The development of approaches to access XML content has generated a wealth of issues that are being addressed by both the database (DB) and information retrieval (IR) communities. The DB community has traditionally focused on developing query languages and efficient evaluation algorithms for highly structured content. In contrast, the IR community has focused on searching unstructured content, and has developed various techniques for ranking query results and evaluating their effectiveness. Recent trends in DB and IR research demonstrate a growing interest in adopting IR techniques in DBs and vice versa for accessing XML content.

In this tutorial, we propose to survey the main challenges that arise from accessing XML content from both the DB and IR perspectives. In particular, we will describe the W3C and INEX efforts in both communities and the challenges behind storing XML documents, designing query languages, appropriate scoring and ranking methods, implementation architectures and query evaluation algorithms and, summarize open research issues. We believe that this tutorial is necessary to drive the attention of DB and IR researchers and practitioners to participate together in solving these issues.

In the rest of the proposal, we provide an overview of the organization of this tutorial, the intended audience and the authors' biographies.

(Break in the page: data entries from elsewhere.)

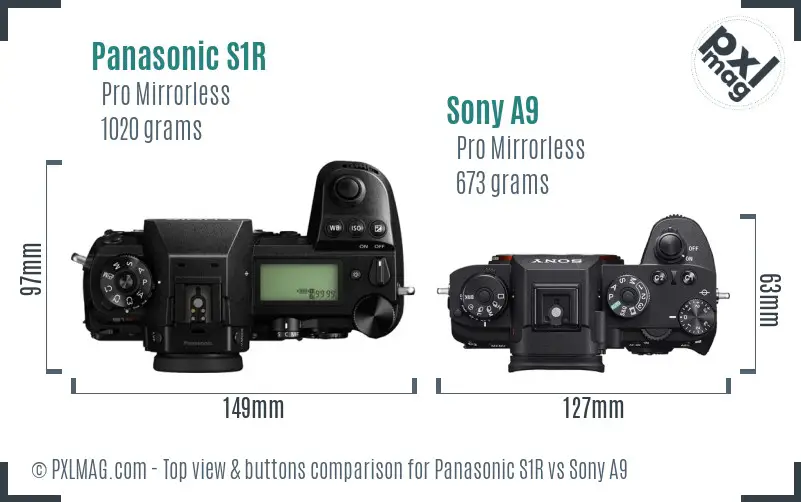 Panasonic S1R vs Sony A9 top view buttons comparison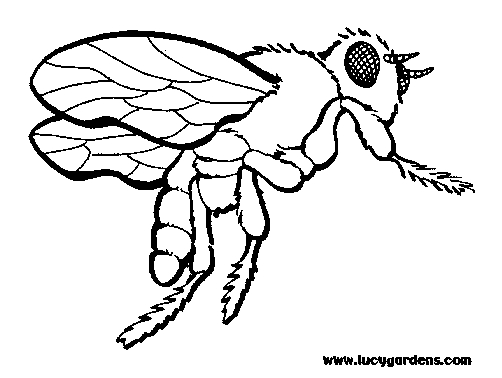 Coloriage d'une abeille en plein vol avec des fleurs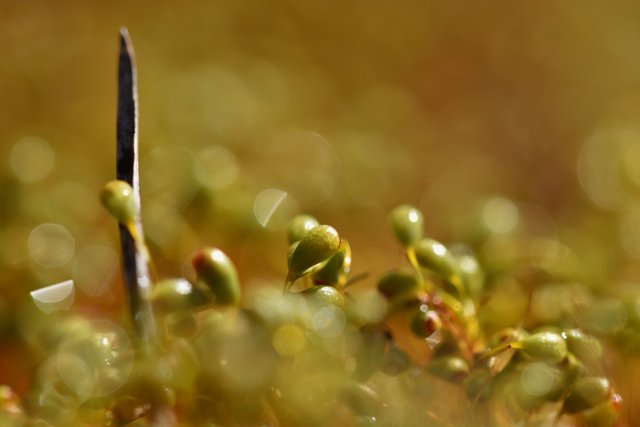 moss spores macro bokeh stick.jpg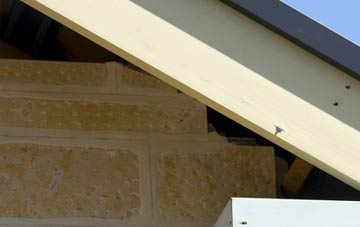 soffit repair Bessacarr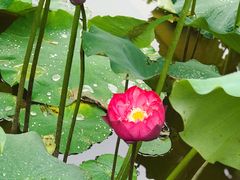 -陈家山荷花公园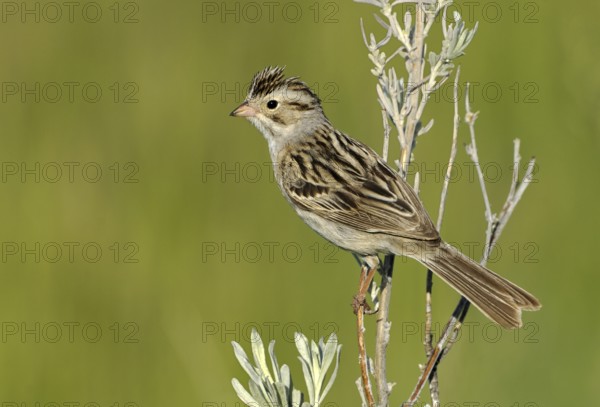 Clay-colored Sparrow (Spizella pallida), Alberta, Canada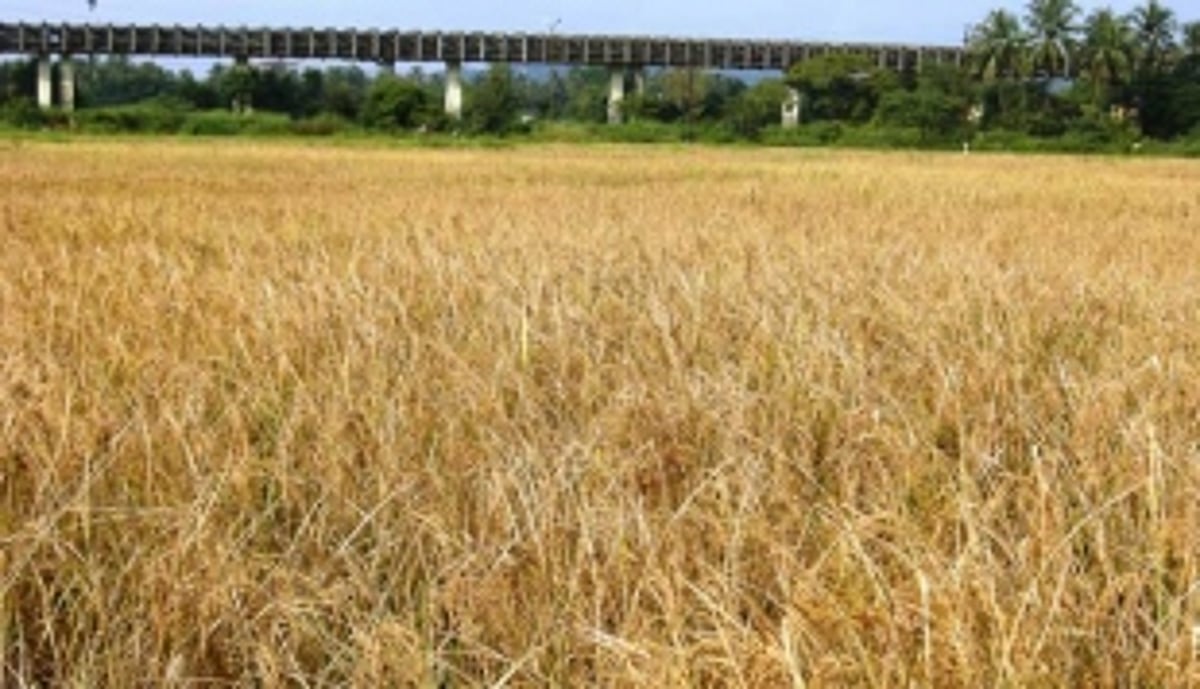 A Blessing in disguise for Navelim  farmers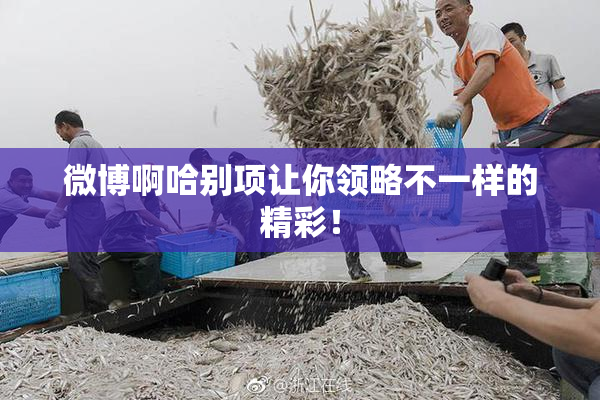 微博啊哈别项让你领略不一样的精彩！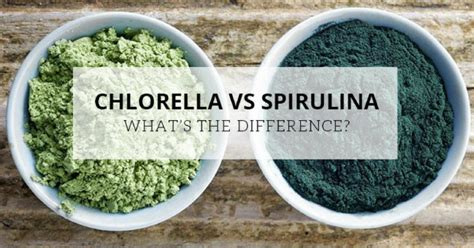 Chlorella Vs Spirulina Whats The Difference Vitarock Blog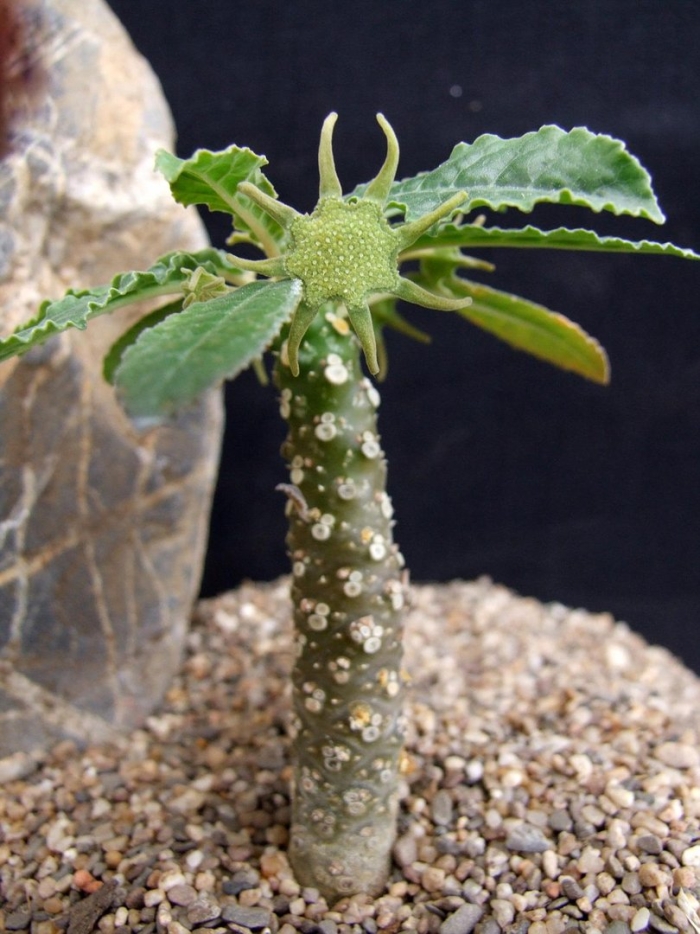 Dorstenia lavrani
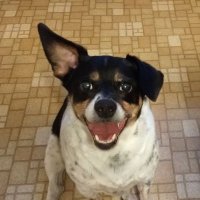 Loki of Lixley🌈 (@lokioflixley) 's Twitter Profile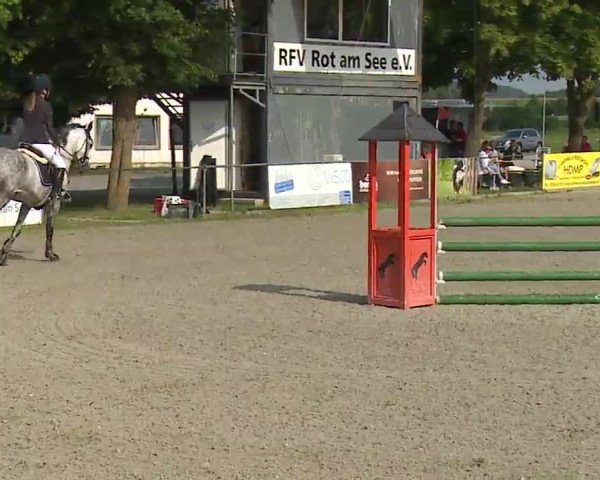 Reitturnier Rot am See – Musdorf 2021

A selected DB and IR bibliography is also included at the end of the proposal.

This tutorial, in this form, has not presented at any other conference before. However, Sihem Amer-Yahia gave a lecture on full-text search in XML at the 7th Extending DataBase Technology summer school on XML and databases (EDBT'05) in Sardinia, Italy in September 2004. She also organized a panel at the last Special Interest Group for the Management of Data (SIGMOD'05) conference in Baltimore USA in June 2005 on the integration of DB and IR technologies and is presenting a tutorial on XML Full-Text Search at the Very Large DataBases (VLDB'05) conference in Trondheim, Norway in August 2005. In addition, Mounia Lalmas will be giving a lecture on structure/XML retrieval at the 5th European Summer School in Information Retrieval (ESSIR'05) in Dublin in September 2005, where the IR approach to accessing XML content will be presented. She has also given two keynote speeches on IR approaches to XML retrieval and their evaluation, at the 5th Dutch-Belgian Information Retrieval Workshop (DIR'05) in Utrecht, The Netherlands, in January 2005, and the Premiere COnference en Recherche d'Information et Applications (CORIA'04), in Toulouse, France in March 2004.

Content of Tutorial:

The tutorial is organized in 3 parts. The first part presents XML documents and queries, the W3C and INEX efforts and their scope, and describes the challenges behind storing and accessing XML content. The second part of the tutorial presents the DB (often referred to as the data-centric) and IR (often referred to as the document-centric) views of XML. The DB view includes storing XML documents in relational databases, query language such as XPath, XQuery and XQuery Full-Text as well as query evaluation issues. The IR view includes retrieval methods for ranking XML elements and assessing the effectiveness of retrieval results. The last part of the tutorial concludes with the main challenges ahead in both communities.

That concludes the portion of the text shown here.